### Work request
Once you have counted the lines below that contain "Live", give that number and nothing else.

### Short descriptive text snippets
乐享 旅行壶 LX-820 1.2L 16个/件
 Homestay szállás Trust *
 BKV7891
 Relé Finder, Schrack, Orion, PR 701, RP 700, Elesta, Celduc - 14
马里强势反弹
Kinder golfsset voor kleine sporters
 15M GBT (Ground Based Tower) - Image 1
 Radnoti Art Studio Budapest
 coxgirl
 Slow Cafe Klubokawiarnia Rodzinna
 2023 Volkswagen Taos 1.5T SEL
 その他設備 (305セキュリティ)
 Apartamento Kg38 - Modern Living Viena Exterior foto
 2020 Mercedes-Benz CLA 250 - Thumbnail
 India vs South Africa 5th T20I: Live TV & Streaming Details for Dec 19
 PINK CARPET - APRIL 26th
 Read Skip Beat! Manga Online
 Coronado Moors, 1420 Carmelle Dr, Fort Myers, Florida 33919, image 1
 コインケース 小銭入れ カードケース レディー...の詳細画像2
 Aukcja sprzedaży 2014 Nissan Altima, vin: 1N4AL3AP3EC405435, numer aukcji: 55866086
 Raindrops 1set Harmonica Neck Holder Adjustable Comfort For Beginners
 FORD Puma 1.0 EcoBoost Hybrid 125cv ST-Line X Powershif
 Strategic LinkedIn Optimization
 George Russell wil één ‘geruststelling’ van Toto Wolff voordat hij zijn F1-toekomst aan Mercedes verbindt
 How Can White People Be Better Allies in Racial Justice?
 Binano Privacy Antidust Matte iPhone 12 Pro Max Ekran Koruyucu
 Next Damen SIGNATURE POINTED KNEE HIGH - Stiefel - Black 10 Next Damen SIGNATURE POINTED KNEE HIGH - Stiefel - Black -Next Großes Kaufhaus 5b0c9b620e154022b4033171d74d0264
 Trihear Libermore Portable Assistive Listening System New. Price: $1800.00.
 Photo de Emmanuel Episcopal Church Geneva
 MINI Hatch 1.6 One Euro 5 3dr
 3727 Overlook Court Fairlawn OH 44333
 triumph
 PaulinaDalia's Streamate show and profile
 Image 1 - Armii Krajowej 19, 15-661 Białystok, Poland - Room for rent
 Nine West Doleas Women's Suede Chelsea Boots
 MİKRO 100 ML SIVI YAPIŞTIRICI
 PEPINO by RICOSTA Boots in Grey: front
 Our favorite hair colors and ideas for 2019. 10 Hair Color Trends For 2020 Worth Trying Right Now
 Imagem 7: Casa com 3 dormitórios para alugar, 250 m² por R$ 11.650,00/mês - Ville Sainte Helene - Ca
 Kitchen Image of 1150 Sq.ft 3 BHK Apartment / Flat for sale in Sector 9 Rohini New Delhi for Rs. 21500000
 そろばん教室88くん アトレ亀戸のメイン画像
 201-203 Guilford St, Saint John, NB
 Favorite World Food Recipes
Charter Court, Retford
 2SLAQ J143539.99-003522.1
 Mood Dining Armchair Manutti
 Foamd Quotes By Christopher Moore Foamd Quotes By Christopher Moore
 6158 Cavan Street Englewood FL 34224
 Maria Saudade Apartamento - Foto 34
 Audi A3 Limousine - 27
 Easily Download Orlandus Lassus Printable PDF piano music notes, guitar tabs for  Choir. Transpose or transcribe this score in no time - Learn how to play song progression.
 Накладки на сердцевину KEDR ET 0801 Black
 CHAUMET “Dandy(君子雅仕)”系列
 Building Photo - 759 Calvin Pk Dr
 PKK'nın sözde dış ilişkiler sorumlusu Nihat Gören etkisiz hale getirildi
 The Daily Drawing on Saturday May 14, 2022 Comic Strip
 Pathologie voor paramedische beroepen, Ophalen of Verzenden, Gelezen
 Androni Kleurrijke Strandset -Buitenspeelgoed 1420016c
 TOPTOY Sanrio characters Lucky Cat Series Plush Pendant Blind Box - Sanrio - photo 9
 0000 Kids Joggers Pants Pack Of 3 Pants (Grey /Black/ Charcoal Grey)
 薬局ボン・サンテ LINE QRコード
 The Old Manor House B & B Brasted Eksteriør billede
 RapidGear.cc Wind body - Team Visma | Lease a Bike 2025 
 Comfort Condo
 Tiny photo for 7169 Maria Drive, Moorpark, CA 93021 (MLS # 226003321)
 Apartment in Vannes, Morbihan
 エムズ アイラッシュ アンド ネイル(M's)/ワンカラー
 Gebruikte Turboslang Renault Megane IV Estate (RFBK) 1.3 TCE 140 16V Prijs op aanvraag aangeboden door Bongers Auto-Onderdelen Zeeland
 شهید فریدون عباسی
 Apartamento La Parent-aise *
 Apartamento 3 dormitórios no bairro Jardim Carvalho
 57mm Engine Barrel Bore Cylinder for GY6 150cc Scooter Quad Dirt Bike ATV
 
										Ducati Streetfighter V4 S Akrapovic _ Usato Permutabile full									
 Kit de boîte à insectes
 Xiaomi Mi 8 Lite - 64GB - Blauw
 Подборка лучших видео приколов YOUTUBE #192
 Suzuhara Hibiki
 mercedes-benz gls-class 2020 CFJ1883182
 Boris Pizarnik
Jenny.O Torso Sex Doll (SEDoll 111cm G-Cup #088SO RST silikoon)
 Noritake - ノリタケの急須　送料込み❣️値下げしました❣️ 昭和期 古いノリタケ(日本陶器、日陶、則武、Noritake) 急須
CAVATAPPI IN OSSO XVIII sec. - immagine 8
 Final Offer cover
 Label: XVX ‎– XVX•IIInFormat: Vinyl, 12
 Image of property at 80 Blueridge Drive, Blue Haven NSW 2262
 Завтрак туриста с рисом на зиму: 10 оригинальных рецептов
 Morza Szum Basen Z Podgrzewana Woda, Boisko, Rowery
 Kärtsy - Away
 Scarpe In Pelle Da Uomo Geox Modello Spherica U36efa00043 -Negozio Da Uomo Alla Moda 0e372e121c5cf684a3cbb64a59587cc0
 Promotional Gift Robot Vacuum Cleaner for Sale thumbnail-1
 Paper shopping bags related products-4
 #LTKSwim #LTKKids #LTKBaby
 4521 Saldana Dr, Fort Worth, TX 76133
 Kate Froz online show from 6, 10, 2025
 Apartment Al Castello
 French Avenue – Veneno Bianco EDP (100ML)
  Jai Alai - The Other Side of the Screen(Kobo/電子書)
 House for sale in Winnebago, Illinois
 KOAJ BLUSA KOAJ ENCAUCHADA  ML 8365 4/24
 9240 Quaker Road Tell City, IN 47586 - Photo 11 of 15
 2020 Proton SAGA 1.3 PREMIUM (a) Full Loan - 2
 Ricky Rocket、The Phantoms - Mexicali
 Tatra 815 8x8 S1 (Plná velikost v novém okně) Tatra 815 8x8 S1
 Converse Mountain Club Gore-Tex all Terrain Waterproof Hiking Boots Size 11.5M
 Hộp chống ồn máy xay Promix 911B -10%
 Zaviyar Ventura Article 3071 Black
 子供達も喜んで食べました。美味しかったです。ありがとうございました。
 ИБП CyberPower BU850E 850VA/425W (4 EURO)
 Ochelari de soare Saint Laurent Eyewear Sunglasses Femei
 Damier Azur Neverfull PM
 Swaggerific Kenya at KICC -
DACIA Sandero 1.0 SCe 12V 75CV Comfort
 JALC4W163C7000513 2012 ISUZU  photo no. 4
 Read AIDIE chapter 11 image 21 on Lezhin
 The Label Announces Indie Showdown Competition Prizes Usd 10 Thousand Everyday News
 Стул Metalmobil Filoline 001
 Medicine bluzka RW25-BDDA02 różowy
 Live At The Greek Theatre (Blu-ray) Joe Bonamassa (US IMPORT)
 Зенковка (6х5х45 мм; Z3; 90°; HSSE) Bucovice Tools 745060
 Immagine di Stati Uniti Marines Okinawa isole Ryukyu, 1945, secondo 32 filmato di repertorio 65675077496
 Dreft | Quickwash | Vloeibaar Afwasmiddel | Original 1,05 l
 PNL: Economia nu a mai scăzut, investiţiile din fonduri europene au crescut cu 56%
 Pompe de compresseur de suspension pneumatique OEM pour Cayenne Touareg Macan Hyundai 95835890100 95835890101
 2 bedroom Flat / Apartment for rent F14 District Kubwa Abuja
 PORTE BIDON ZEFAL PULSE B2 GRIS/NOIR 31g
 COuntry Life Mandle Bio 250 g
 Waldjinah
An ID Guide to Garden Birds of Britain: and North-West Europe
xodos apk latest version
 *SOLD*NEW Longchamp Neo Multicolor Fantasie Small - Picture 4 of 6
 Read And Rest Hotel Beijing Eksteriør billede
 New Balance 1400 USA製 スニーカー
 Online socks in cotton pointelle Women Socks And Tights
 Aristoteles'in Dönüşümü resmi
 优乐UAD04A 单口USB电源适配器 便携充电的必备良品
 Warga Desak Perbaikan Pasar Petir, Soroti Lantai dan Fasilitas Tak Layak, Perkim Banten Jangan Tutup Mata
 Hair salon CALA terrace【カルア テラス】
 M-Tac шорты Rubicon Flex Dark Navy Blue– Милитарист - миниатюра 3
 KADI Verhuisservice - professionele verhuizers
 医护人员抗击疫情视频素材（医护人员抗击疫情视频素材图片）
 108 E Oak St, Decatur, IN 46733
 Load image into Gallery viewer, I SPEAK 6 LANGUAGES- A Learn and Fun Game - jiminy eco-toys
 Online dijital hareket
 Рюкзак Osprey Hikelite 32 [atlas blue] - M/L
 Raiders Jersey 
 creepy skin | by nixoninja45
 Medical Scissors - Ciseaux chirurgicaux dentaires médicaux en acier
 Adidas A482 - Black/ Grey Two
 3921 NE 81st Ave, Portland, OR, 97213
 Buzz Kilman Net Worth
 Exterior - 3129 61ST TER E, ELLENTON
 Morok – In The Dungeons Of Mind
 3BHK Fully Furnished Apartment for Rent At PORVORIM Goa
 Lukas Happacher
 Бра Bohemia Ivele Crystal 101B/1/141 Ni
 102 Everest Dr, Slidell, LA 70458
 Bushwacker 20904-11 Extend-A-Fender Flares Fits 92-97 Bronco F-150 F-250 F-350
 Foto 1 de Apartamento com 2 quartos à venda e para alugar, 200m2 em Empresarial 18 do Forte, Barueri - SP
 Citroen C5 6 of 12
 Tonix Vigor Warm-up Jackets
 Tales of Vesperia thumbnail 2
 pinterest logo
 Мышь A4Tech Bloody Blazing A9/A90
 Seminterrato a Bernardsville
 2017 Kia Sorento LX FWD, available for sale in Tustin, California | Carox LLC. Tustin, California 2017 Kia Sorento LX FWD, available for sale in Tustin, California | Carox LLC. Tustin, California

### Solution
2